A latter-day Jules Verne has devised a plan to make a journey to the centre of the Earth using a nuclear explosion and millions of tons of molten iron.
David Stevenson, from the California Institute of Technology in Pasadena, wants to send a scientific probe to the Earth's core to take seismic measurements that can be beamed back to the surface for analysis.
His suggestion, outlined in a letter to the journal Nature, is being treated seriously by the wider scientific community, which has long complained that it knows more about deep space than the Earth's inner workings.
The probe, launched with the help of a megaton-sized explosion to create a crack in the Earth's crust and lubricated by the molten iron, could reach the Earth's core in less than a week, Dr Stevenson said.
He estimates that the crack would propagate downwards at a speed of about five metres per second to allow the slug of hot metal carrying the grapefruit-sized probe to be propelled by gravity.
"Planetary missions have enhanced our understanding of the Solar System, but no comparable exploratory effort has been directed towards the Earth's interior, where equally fascinating scientific issues are waiting to be investigated," Dr Stevenson said. "We live on the Earth's surface, which divides what is above from what is below ... the part below is crammed with interesting stuff and is mostly unknown, despite its proximity to us."
Although space probes have reached the furthest planets, the deepest drill holes into the ground have penetrated no more than about 6.2 miles into the Earth's crust – a tiny fraction of its total depth.

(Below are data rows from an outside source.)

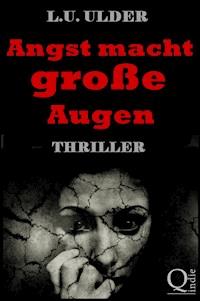 Angst macht große Augen - L.U. Ulder - ebook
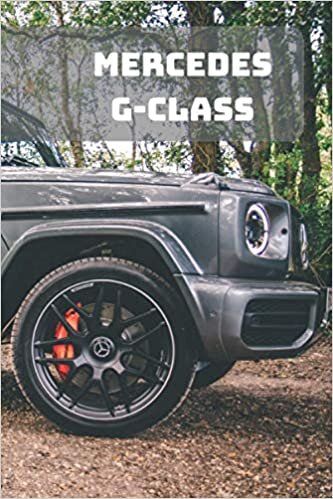 okumak MERCEDES G-CLASS: A Motivational Notebook Series for Car Fanatics: Blank journal makes a perfect gift for hardworking friend or family members ... 110 Pages, Blank, 6 x 9) (Cars Notebooks)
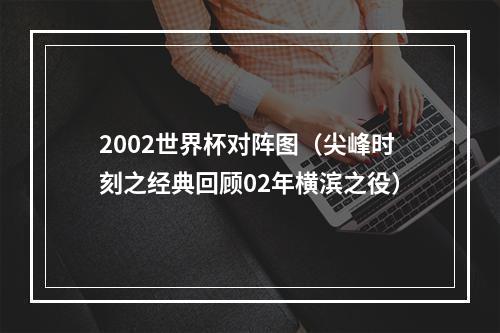 2002世界杯对阵图（尖峰时刻之经典回顾02年横滨之役）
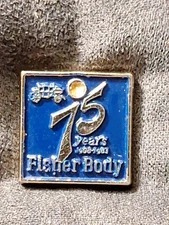 Vintage General Motors Fisher Body 75 Year Anniversary Pin Back 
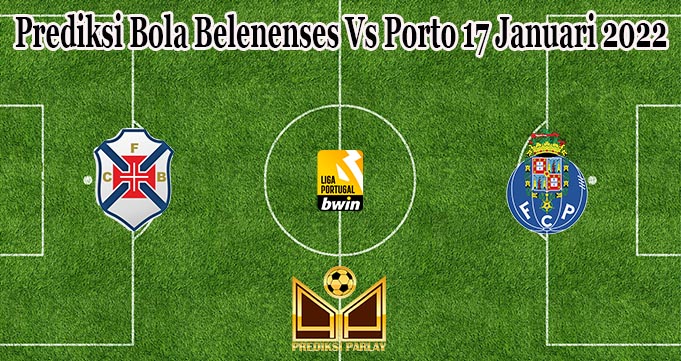 Prediksi Bola Belenenses Vs Porto 17 Januari 2022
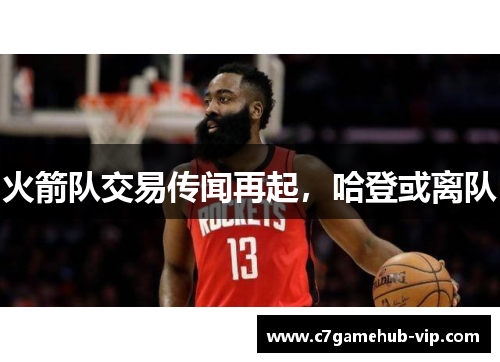 火箭队交易传闻再起，哈登或离队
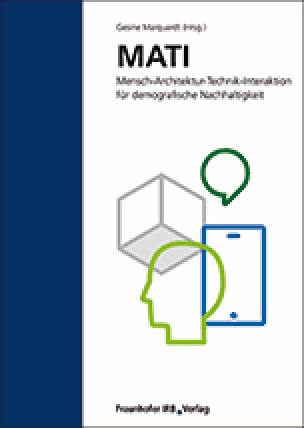 MATI: Mensch - Architektur - Technik - Interaktion für demografische Nachhaltigkeit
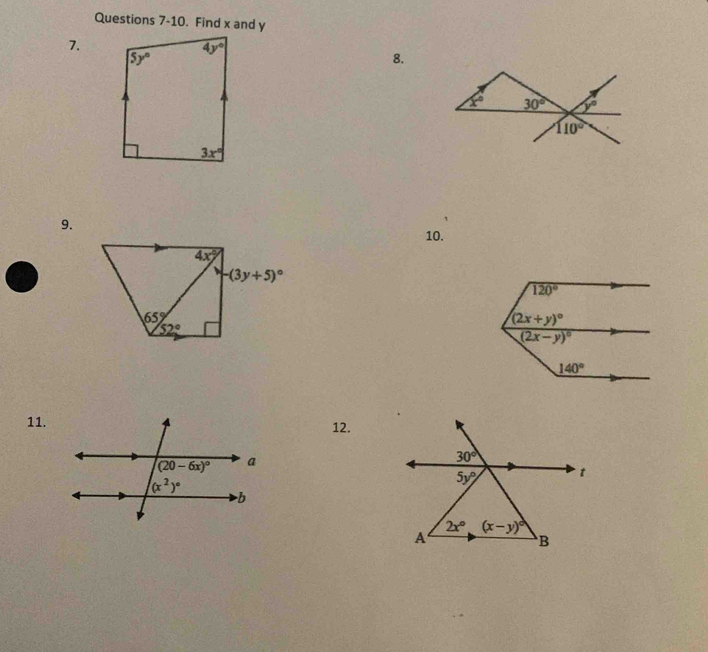 Questions 7-10. Find x and y
7.
8.
9.
10.
11.12.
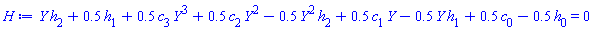 1.0*Y*h[2]+.5*h[1]+.5*c[3]*Y^3+.5*c[2]*Y^2-.5*Y^2*h[2]+.5*c[1]*Y-.5*Y*h[1]+.5*c[0]-.5*h[0] = 0
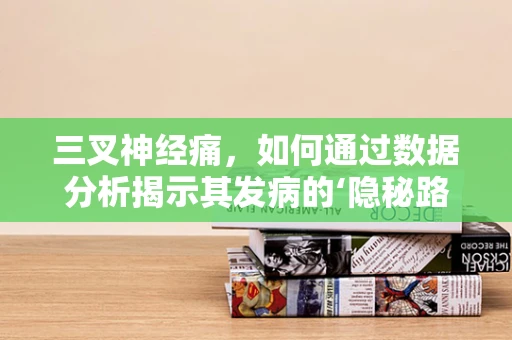 三叉神经痛，如何通过数据分析揭示其发病的‘隐秘路径’？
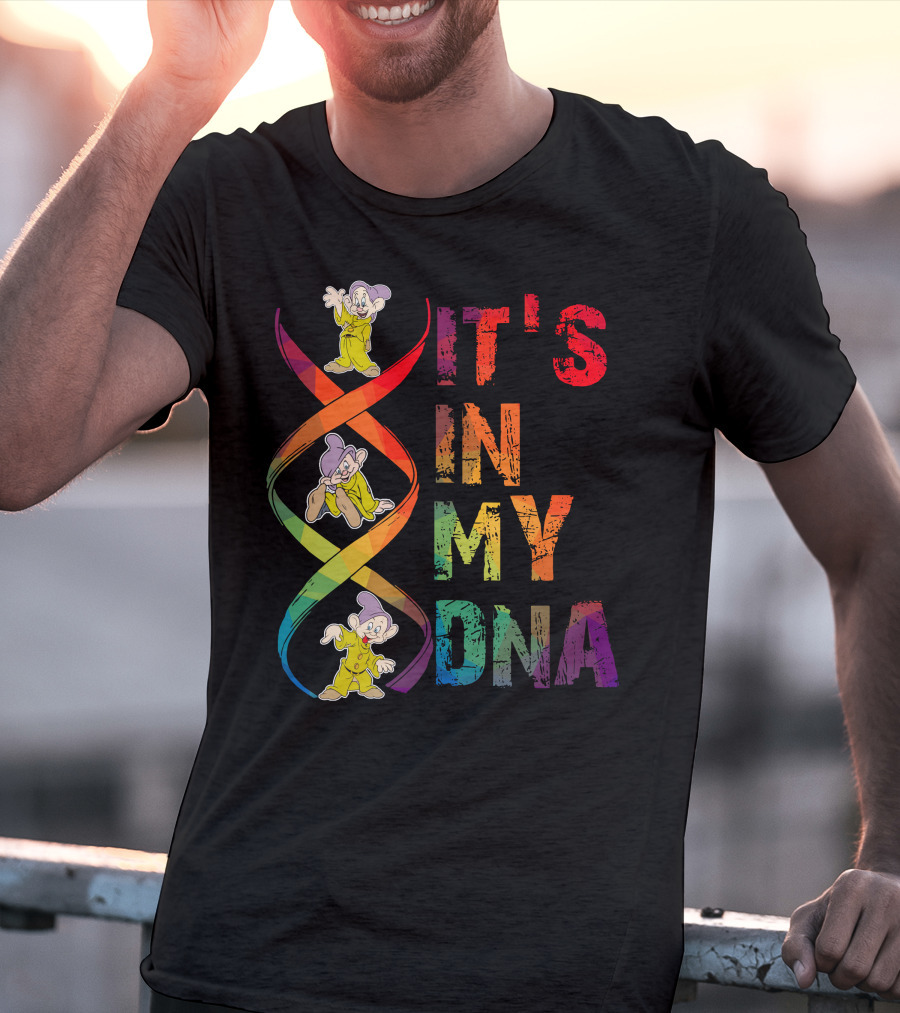 Dopey It's In My Dna T-Shirt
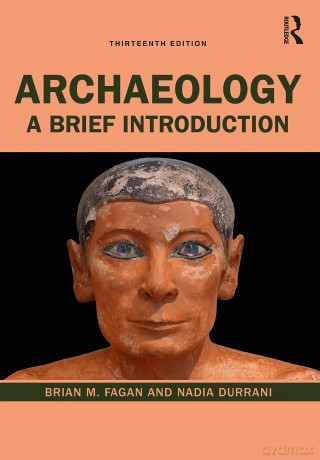 Archaeology: A Brief Introduction - Brian M. Fagan [KSIĄŻKA]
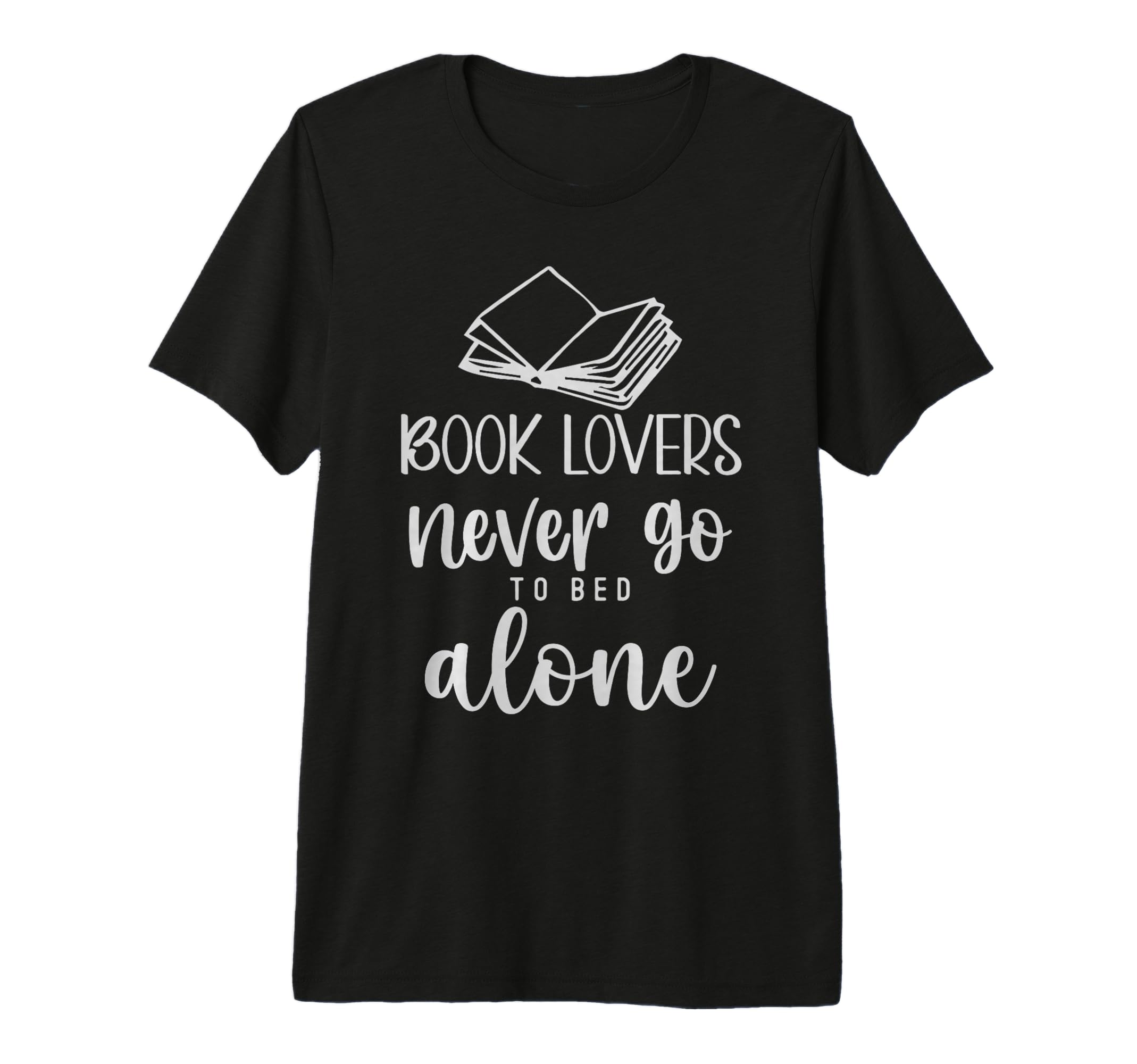 Book Lovers Never Go To Bed Alone T-Shirt - Unique Graphic for Adults - T-Shirt, Sweatshirt, Hoodie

"This proposal is modest compared with the space programme, and may seem unrealistic only because little effort has been devoted to it. The time has come for action," Dr Stevenson said. The use of a nuclear device to generate a crack – which would close up once the slug of molten iron and its probe passed through – was totally feasible.
He said that a nuclear device of a capability within the range of those currently stockpiled was all that was needed. "The technological challenge of initiating the crack should be less than that posed by the Manhattan Project," Dr Stevenson said.
The main problem is the volume of molten iron needed. Dr Stevenson said it would amount to the total output of all the world's iron foundries working flat out for at least an hour and, possibly, a week.